Liputan6.com, Jakarta - Delapan seniman musik tradisional duduk bersila di teras sebuah rumah sederhana di kawan Citayam, Depok, dengan alat musiknya masing-masing.
Tapi tak hanya alat-alat musik tradisional yang tampak. Ada juga laptop, mixer, Ipad, serta tumpukan speaker yang digunakan untuk menunjang musik mereka yang mereka mainkan.
Selintas penampilan mereka senada, hanya mengenakan pakaian sehari-hari, seperti kaus, kemeja, atau celana jeans, meski ada juga yang mengenakan sarung. Sebab, ini memang hanya sesi latihan.
Yang sedikit membedakan, adalah tutup kepala yang mereka kenakan. Ada yang mengenakan lomar, ikat kepala khas Banten. Ada juga yang mengenakan tanjak, khas Riau atau Passapu (Makkasar).
Mereka memang dari daerah yang berbeda, begitu juga dengan alat musik yang mereka mainkan. Semuanya mewakili daerah masing-masing.
Namun, dalam sesi workshop atau rehearsal itu, kesemuanya membentuk harmoni indah yang mengiringi syair, pantun, atau puji-pujian khidmat yang dilantukan. Itulah Kabata Tanrasula.
Ini adalah sebuah produksi seni pertunjukan lintas media berbasik karya musik yang juga dikentalkan dengan elemen seni lain seperti dramaturgi, koreografi, penataan artistik, dan lainnya.
Kabata Tanrasula rencananya akan dipentaskan Konstelasi Artistik Indonesia di Cape Town, Afrika Selatan, 30 November.
Konstelasi Artistik Indonesia sendiri merupakan komunitas yang dibentuk sejalan dengan program Ford Global Fellowship yang diraih Aristofani Fahmi dengan mendorong isu seni budaya sebagai platform mewujudkan kesetaraan dan keadilan sosial.
Misi Penting
Namun, di Negeri Nelson Mandela itu, Kabata Tanrasula tak sekadar dipentaskan. Ada satu misi penting dibawa seniman-seniman Indonesia ini ke Cape Town.

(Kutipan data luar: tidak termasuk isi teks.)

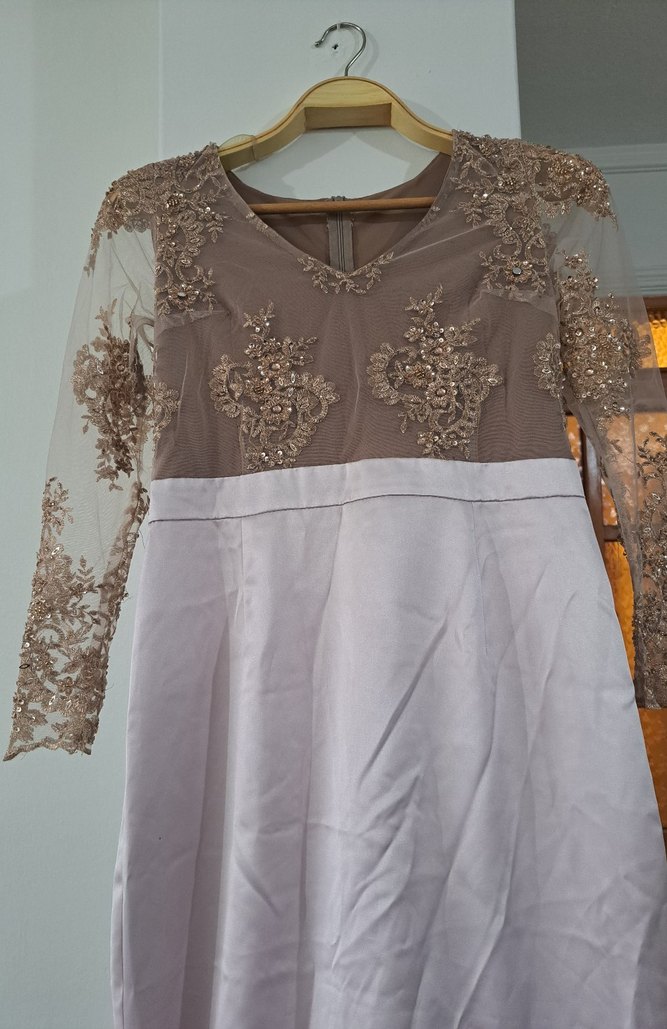 Dantel İşlemeli V Yakalı Uzun Abiye Elbise - Görsel 4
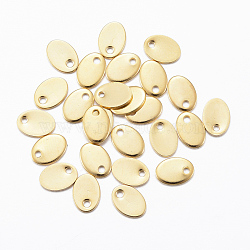 304 Stainless Steel Charms, Stamping Blank Tag, Oval, Real 18K Gold Plated, 7x5x0.8mm, Hole: 1mm(STAS-H557-34G)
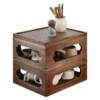 Yili solid wood Kung Fu tea set storage box dustproof tea tray purple clay pot storage rack teapot tea cup multifunction rack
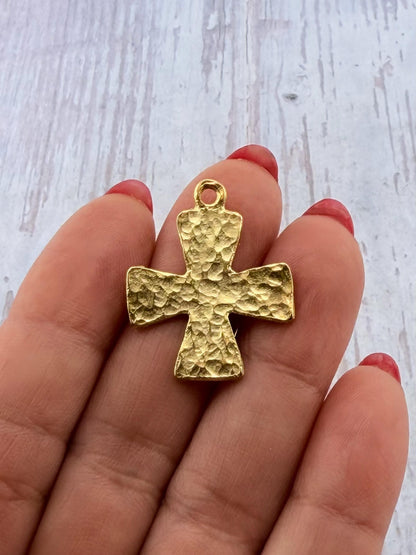 Large Textured Cross Pendant, Satin 18k Gold Plated - ST667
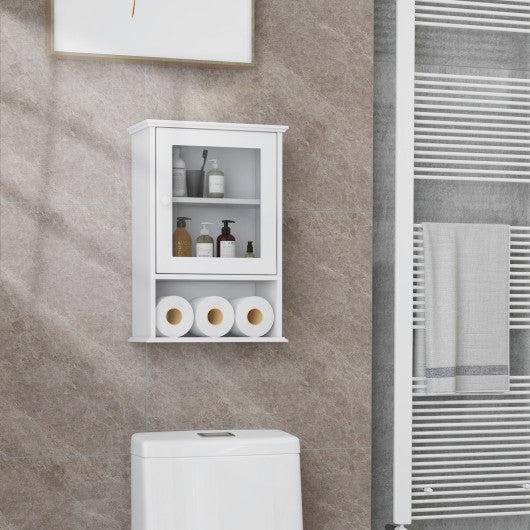 Costway White Bathroom Wall Mounted Adjustable Hanging Storage Medicine Cabinet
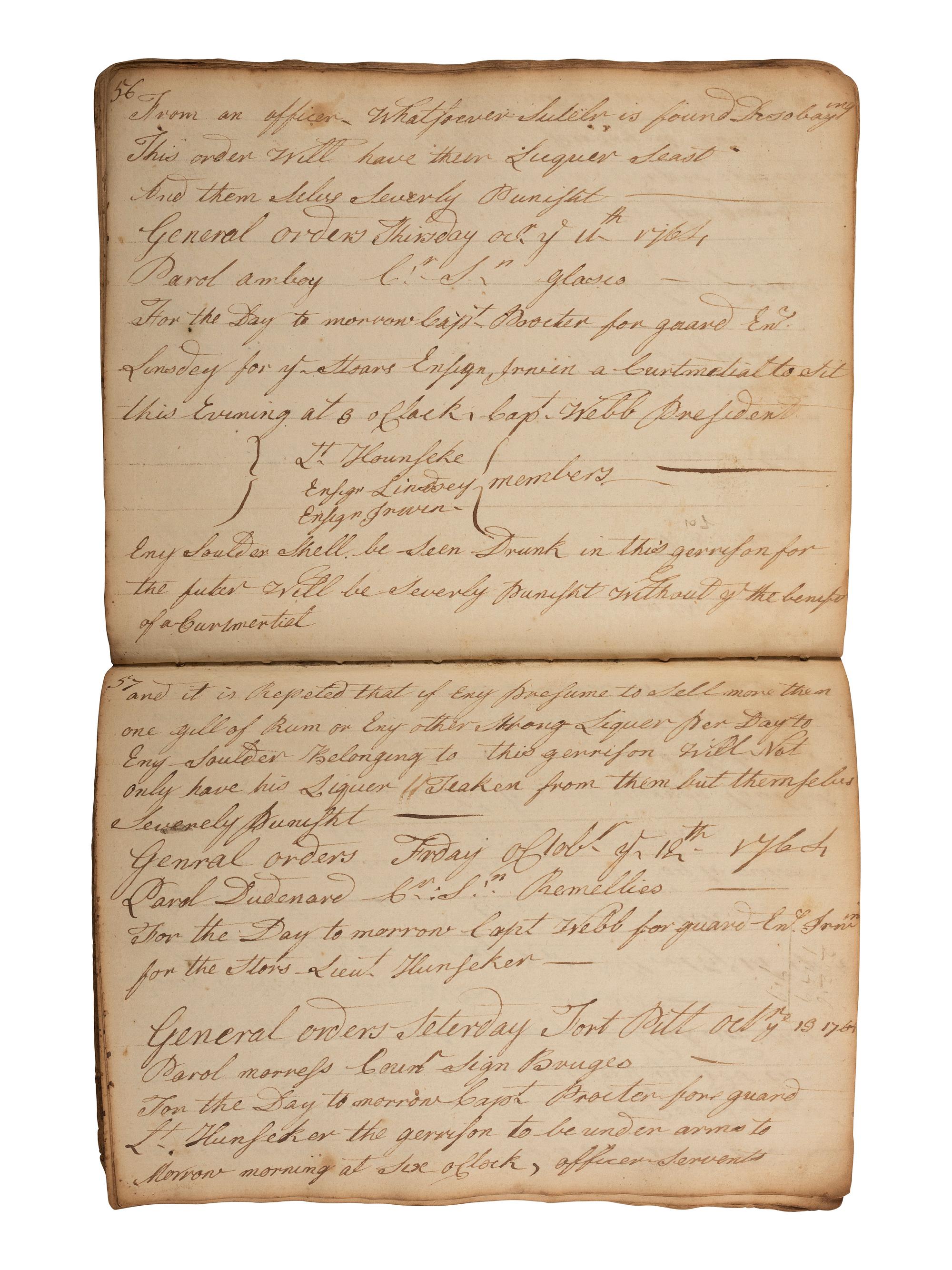 [PONTIAC'S WAR]. Manuscript orderly book chronicling the daily march of Colonel Henry Bouquet's force of British, Pennsylvania and Virginia volunteers. August-November, 1764.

Dengan program "Seeking Tuan Guru", mereka ingin menghubungkan kembali warisan budaya Indonesia dan Afrika Selatan, khususnya lewat sejarah, pengaruh seni tradisional, serta kearifan lokal.
Sejarah Afrika Selatan memang memiliki kaitan erat dengan Indonesia, terutama lewat tokoh Tanah Air Syekh Yusuf Al Makassari dan Syekh Imam Abdullah Tidore. Keduanya menjalankan peran diplomasi yang berdampak besar pada kemanusiaan.
Dua Tuan Guru ini menginspirasi Nelson Mandela dalam perjuangan melawan Apartheid di Afrika Selatan. Tanpa kekerasan, Mandela menerapkan sistem moderat penyebaran Islam dari kedua Tuan Guru dalam membebaskan rakyat kulit hitam dari diskriminasi kulit putih di Afrika Selatan.
Diharapkan, rangkaian kegiatan selama tiga tahun mulai dari riset hingga pertunjukan Kabata Tanrasula bisa memfasilitasi publik untuk menggali lebih dalam mengenai tokoh Tuan Guru, sekaligus merefleksikan diri pada konteks hari ini.
Kabata sendiri bentuk tradisi lisan yang berkembang di Maluku Utara. Sementara Tanrasula merupakan tanda samar di kening yang menggambarkan cinta dan kekuatan dalam keyakinan masyarakat Makassar.
Kolaborasi dengan Seniman Lokal
Menurut Helza Amelia, sang manajer produksi, pada 2023, di Cape Town mereka sudah melakukan riset dan residensi Bersama tujuh orang seniman dari Indonesia asal Riau, Ternate, Sulawesi Selatan, Banten, dan Solo.
"Lalu di tahun 2024 ini, kami akan Kembali ke Cape Town untuk menampilkan hasil karya kami yang sudah kami proses," ujar Helza.
Di Cape Town mereka juga akan berkolaborasi dengan seniman rupa local yang sudah punya mama besar, Thania Petersen.
Kabata Tanrasula juga akan melibatkan paduan suara yang anggotanya merupakan keturunan Tidore yang ada di Cape Town.
Tim Konstelasi Artistik Indonesia menggelar latihan persiapan di Saung Samagaha, Citayam, Depok. Rencananya tim Konstelasi Artistik Indonesia bakal tampil dalam pertunjukan seni lintas media Kabata Tanrasula di Cape Town, Afrika Selatan.